Days () is a 2020 Taiwanese slow cinema drama film directed by Tsai Ming-liang. It was selected to compete for the Golden Bear in the main competition section at the 70th Berlin International Film Festival. It won the jury Teddy Award at the 70th Berlinale.

Typical of many Tsai Ming-liang films, Days is minimalist, slowly paced, and features little dialogue, without subtitles. Lee Kang-sheng plays Kang, and Non is portrayed by Anong Houngheuangsy, a Laotian immigrant to Thailand in his first film role.

Plot 
Minimalist long takes of daily life show the middle-aged and middle class Kang (Lee), and the younger Non (Houngheuangsy). Kang lives alone, relaxing in his big house with a view of a goldfish pond in his backyard. Non lives in a spartan apartment. His day begins with religious worship at an altar. He then completes chores, namely the washing of vegetables. Kang travels to the city, seeking treatment for pain in his head and neck. After an acupuncture session, he schedules a massage at the parlor where Non works. Kang pays Non after the full body massage ends, and also gives him a gift, a small music box. Kang watches Non use the box, then shares a meal with him at the fast food restaurant nearby. After the meal, the two separate, and Non rests on a bench. He plays the music box again, but it can hardly be heard over the roadway noise.

Cast
 Lee Kang-sheng as Kang
 Anong Houngheuangsy as Non

Production 
Principal photography took place starting in 2014, during and after Tsai Ming-liang, Lee Kang-sheng, Claude Wang, and a cinematographer attended a theatre tour in Europe, followed by medical treatment in Hong Kong for Lee, which was also filmed. The film's opening scene was shot in Tsai's living room in Taiwan. In 2017, Tsai met Houngheuangsy and the two maintained contact via videotelephony, through which Tsai recognized Houngheuangsy's skill in cooking. Some earlier scenes featuring Lee were not used, and Tsai traveled to Bangkok to film on location, including scenes of Houngheuangsy making food.
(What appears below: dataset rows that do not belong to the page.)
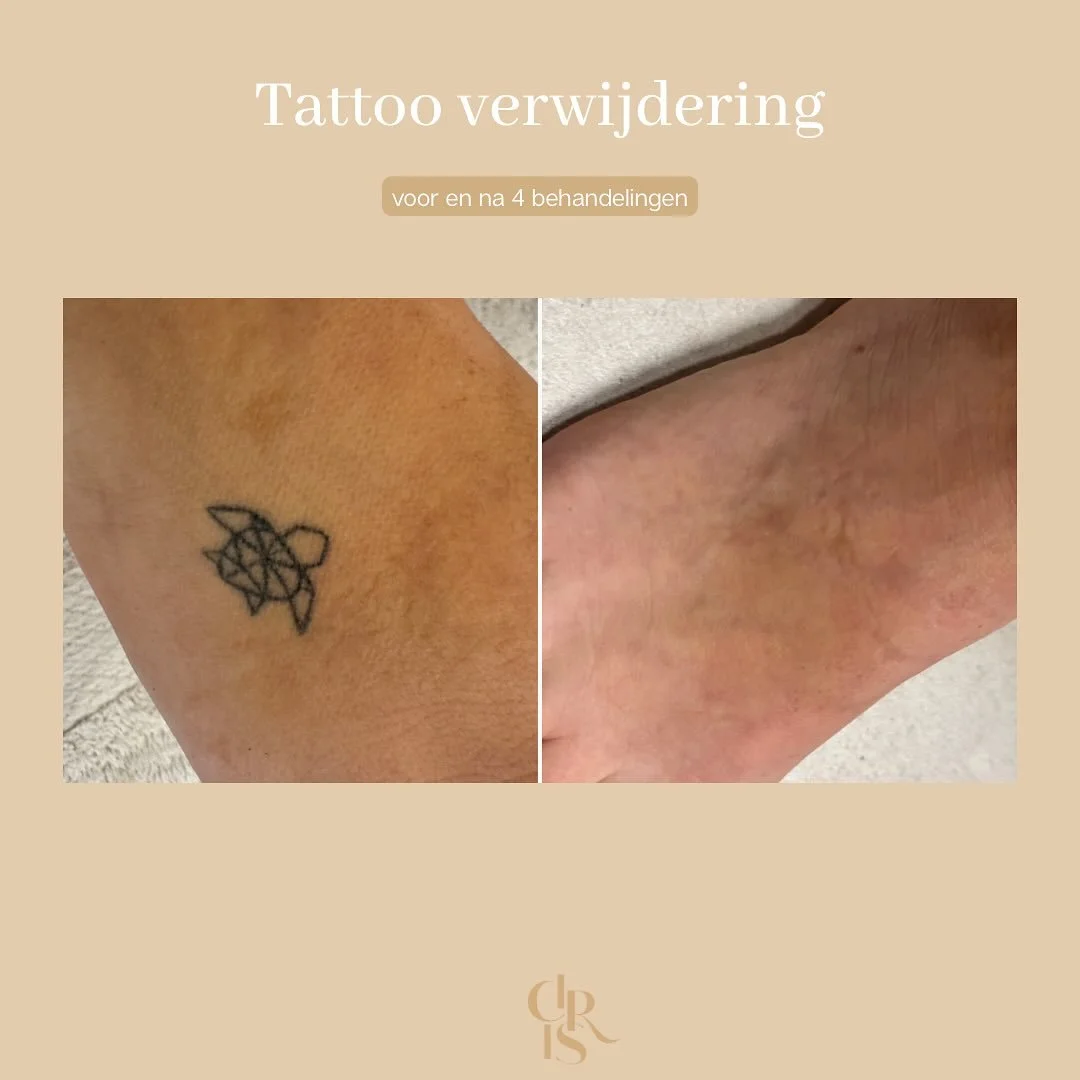 𝐓𝐚𝐭𝐭𝐨𝐨 𝐯𝐞𝐫𝐰𝐢𝐣𝐝𝐞𝐫𝐢𝐧𝐠 ✨

Spijt van je tattoo? 
Geen probleem! Bij ons kan je terecht voor een removal zonder littekens of pigmentverlies met onze picolaser. 

4 sessies voor &amp; na 🤩

📲 www.cirisbeauty.be
📞 0471132328
📍 Doelstra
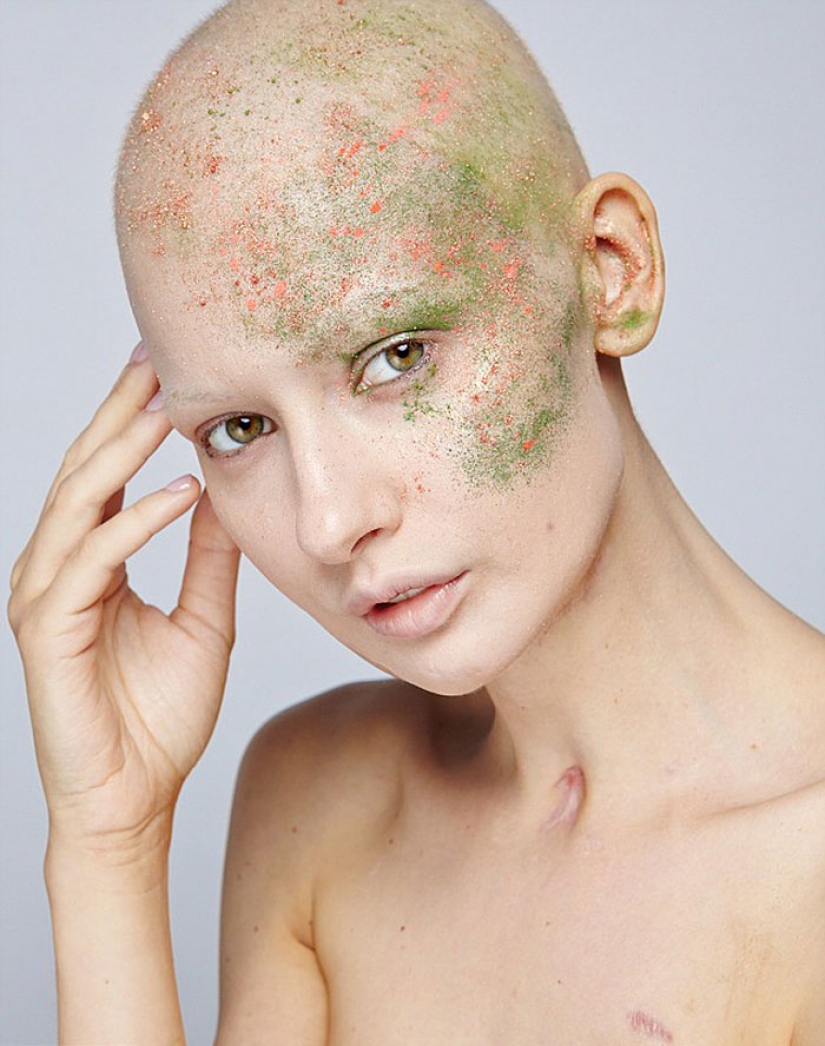 Los doctores le dijeron que el modelo tiene un aborto después de que se ha eliminado el 95% de la mandíbula para el cáncer — y eso es lo que ella hizo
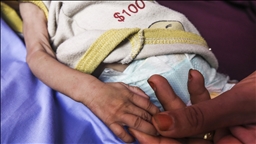 Children in Gaza dying at 'an unprecedented rate': UNICEF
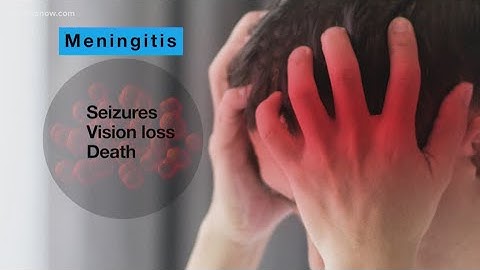 VDH issues new alert about meningitis spread in Eastern Virginia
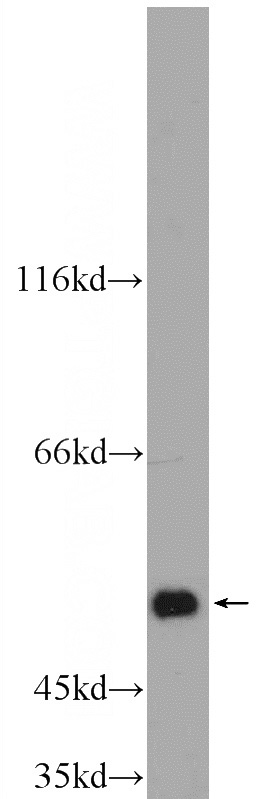 mouse liver tissue were subjected to SDS PAGE followed by western blot with Catalog No:107961(ALDH1A3 Antibody) at dilution of 1:1000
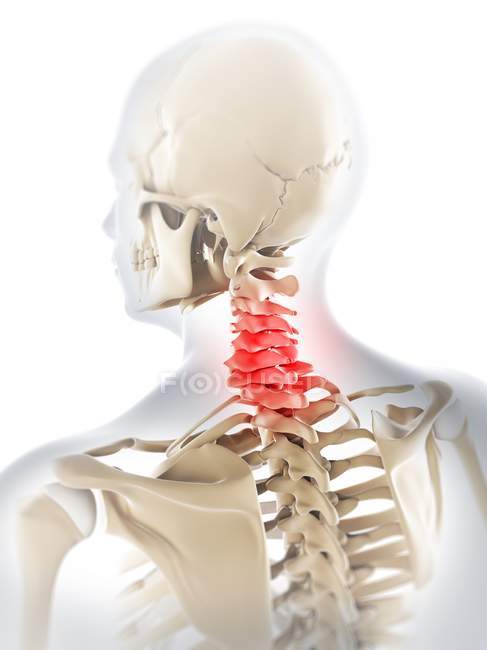 Dor localizada em vértebras cervicais — Fotografia de Stock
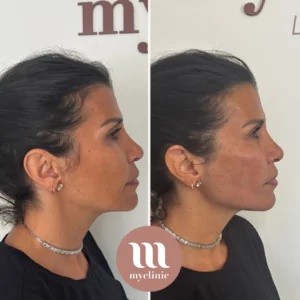 Before / After – HArmonyCA treatment - myclinic - Tel-Aviv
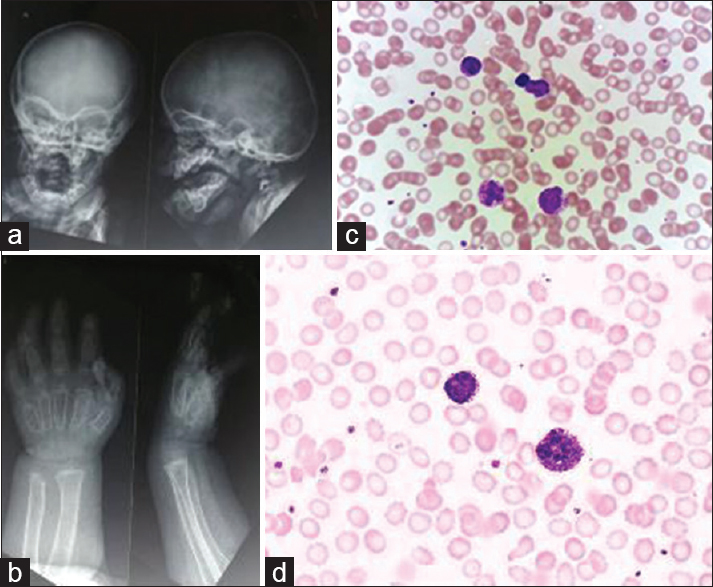 (a) The X-ray skull shows thickening of skull bones and “J-” shaped sella turcica. (b) Tapering of proximal metacarpals were found on the X-ray of Hands. (c and d) The photomicrograph shows neutrophils and lymphocytes showing Alder–Reilly anomaly. The Red blood cells series and platelets were morphologically unremarkable (Wright–Giemsa, ×1000)
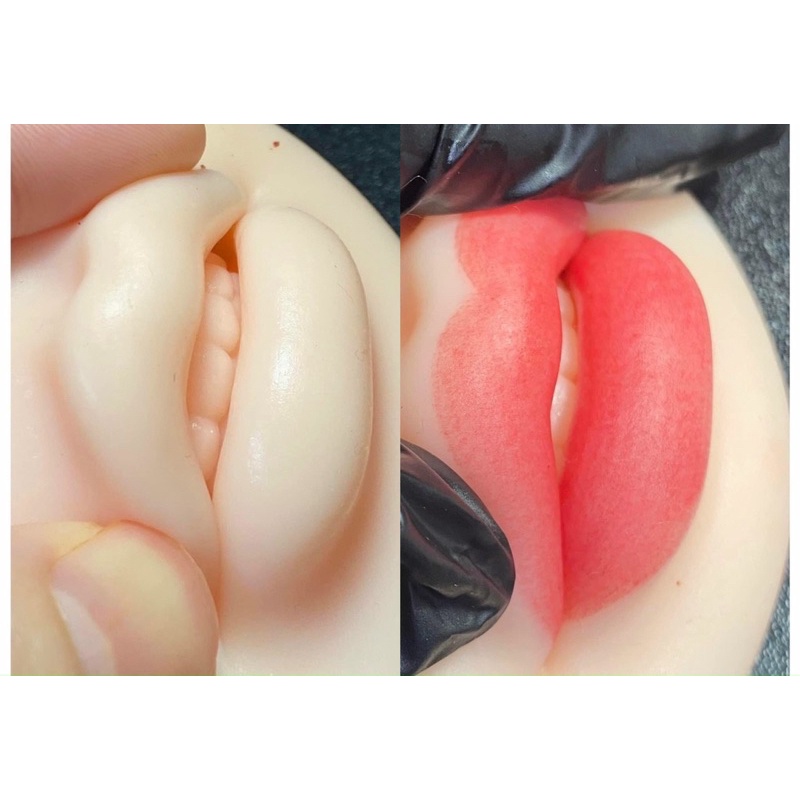 Môi giả 5D tập phun môi, tiêm filler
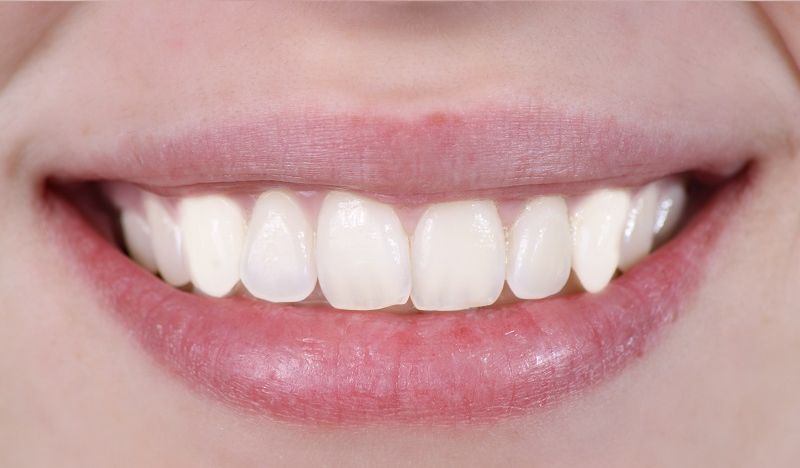 Before,And,After,Dental,Treatment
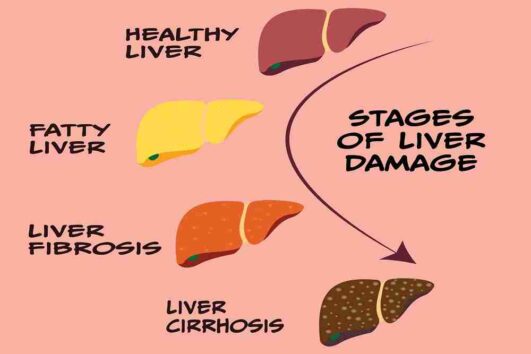 Liver Disease: Top Warning Signs And Symptoms, Causes, Diagnosis 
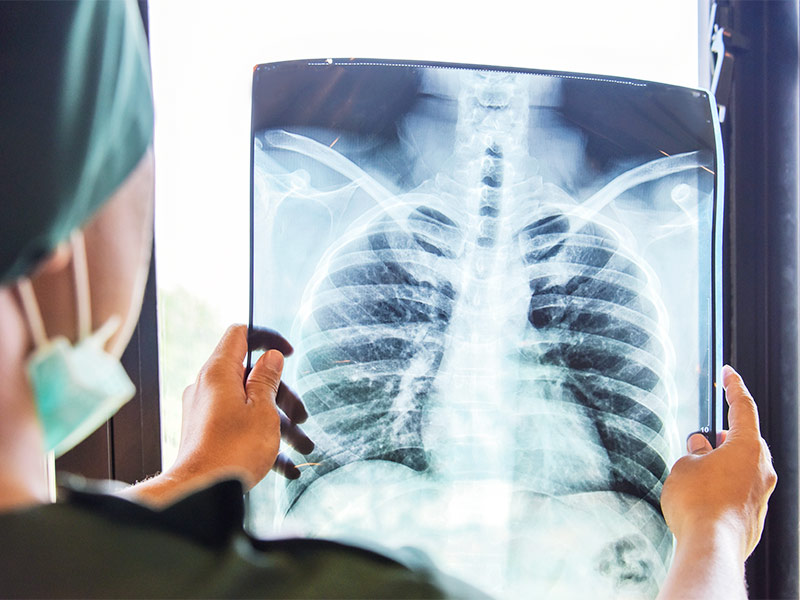 Médico olhando um raio X, para fazer o diagnóstico do tromboembolismo pulmonar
Tsai discussed with his cinematographer about ways to incorporate the captured footage into a film. The film underwent a long-term post-production in Taiwan. In May and June 2019, Tsai secured funding from the Public Television Service to complete post-production. Prior to the release of Days, Tsai Ming-liang discussed the film without naming it, stating that he was working without a concept for film in mind, adding only that it was to feature Lee Kang-sheng and another actor.

Awards and showings
Days was selected to compete for the Golden Bear in the main competition section at the 70th Berlin International Film Festival. It won the jury Teddy Award at the 70th Berlinale.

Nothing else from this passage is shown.